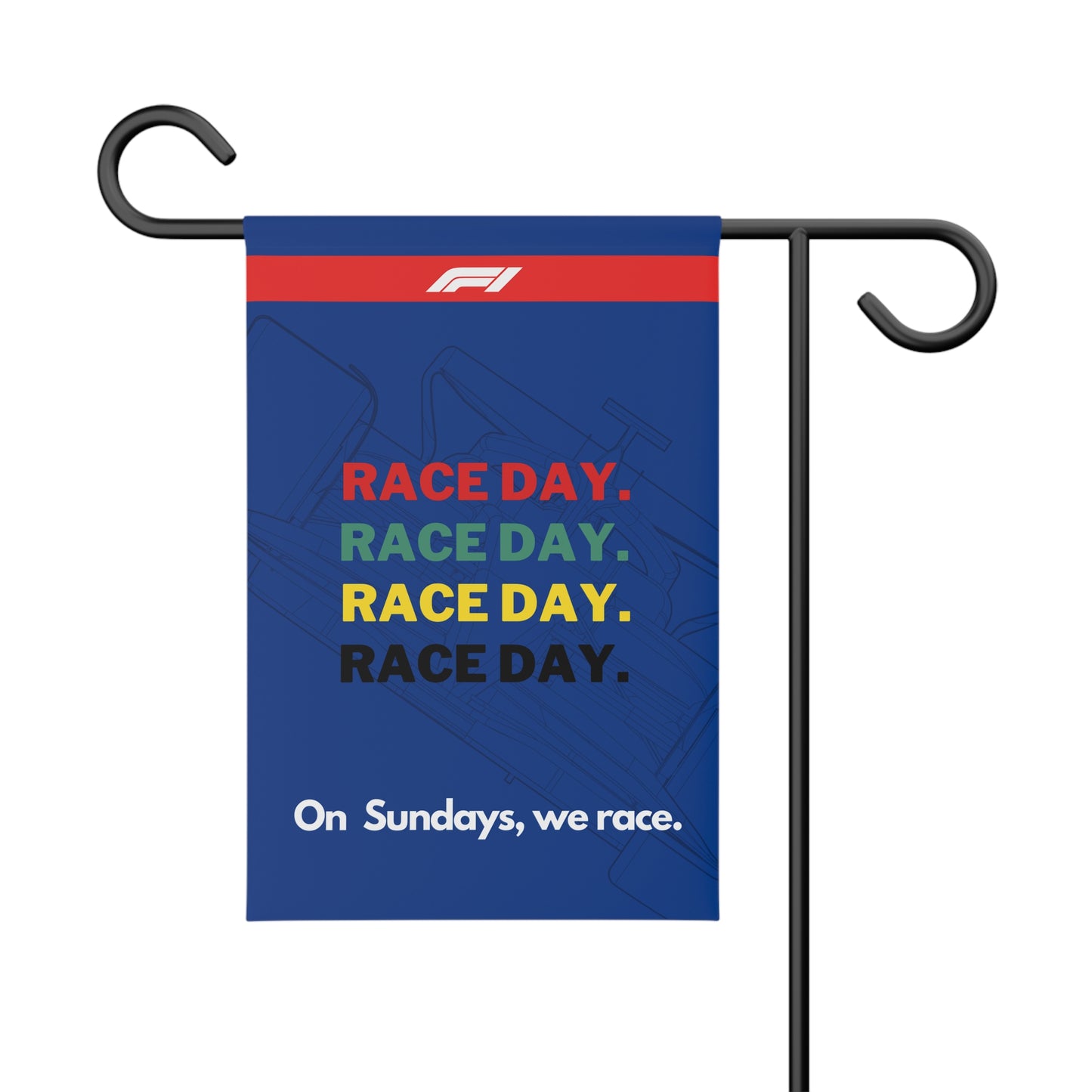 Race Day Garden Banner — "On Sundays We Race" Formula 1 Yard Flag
────────────────────────────────────────
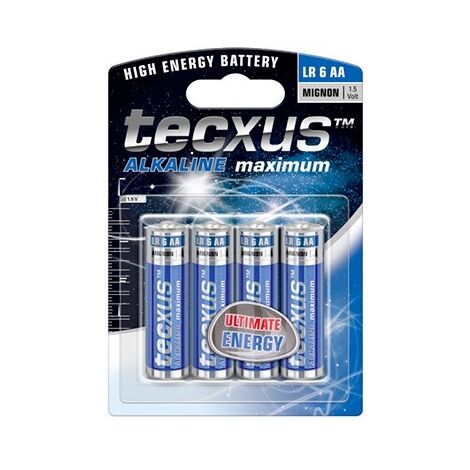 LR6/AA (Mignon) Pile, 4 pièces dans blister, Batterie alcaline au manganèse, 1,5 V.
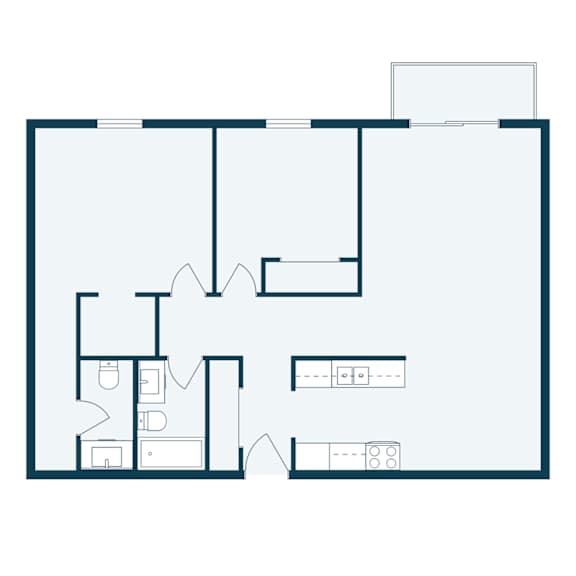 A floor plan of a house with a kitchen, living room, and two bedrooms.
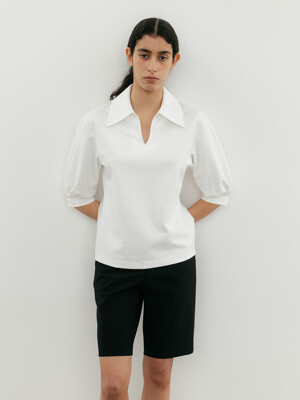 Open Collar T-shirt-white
────────────────────────────────────────
» **Activity**:
Please repeat the lines of the material above exactly, starting with the line that contains "A floor plan" and ending with the line that contains "Open Collar T-shirt-white". Leave the pictures out.

» **Response area**:
 A floor plan of a house with a kitchen, living room, and two bedrooms.
 Open Collar T-shirt-white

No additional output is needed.